(DATA BLOCK)

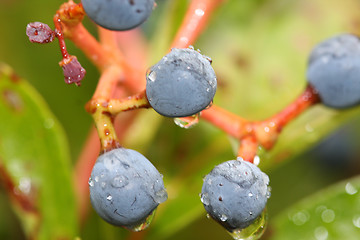 Image showing Berries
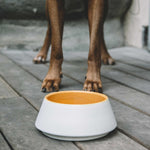 White and yellow ceramic dog bowl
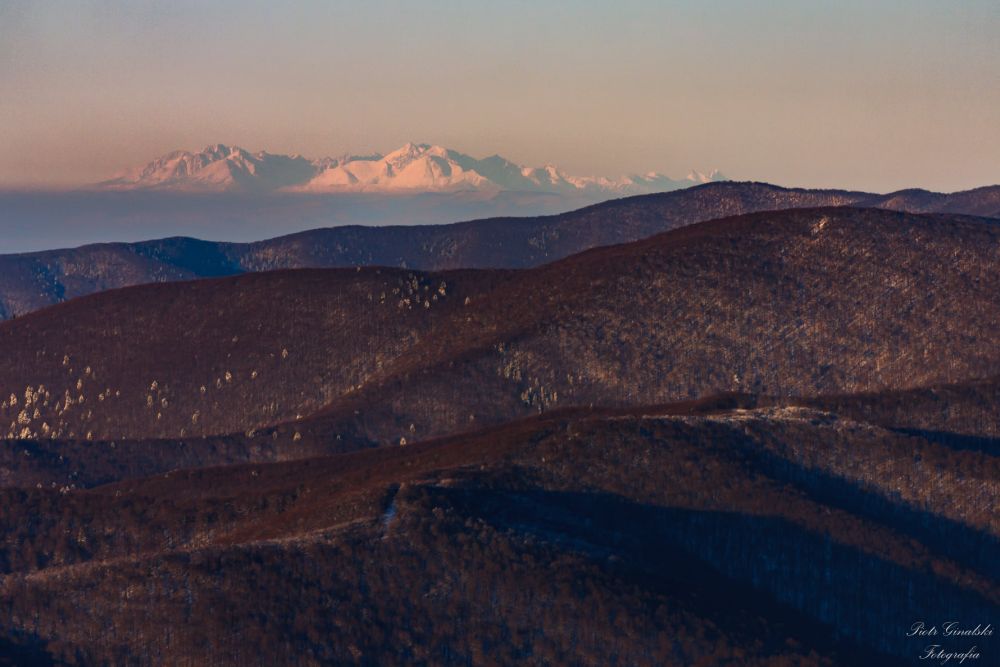 Tatry z Tarnicy! Istna magia - Zdjęcie główne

(End DATA BLOCK)

**PROBLEM DESCRIPTION:**
Please repeat the lines that run from the one holding "White and yellow ceramic dog bowl" to the last line of the material, both included, exactly and without pictures.

**OUTPUT OF THE EXERCISE:**
 White and yellow ceramic dog bowl
 Tatry z Tarnicy! Istna magia - Zdjęcie główne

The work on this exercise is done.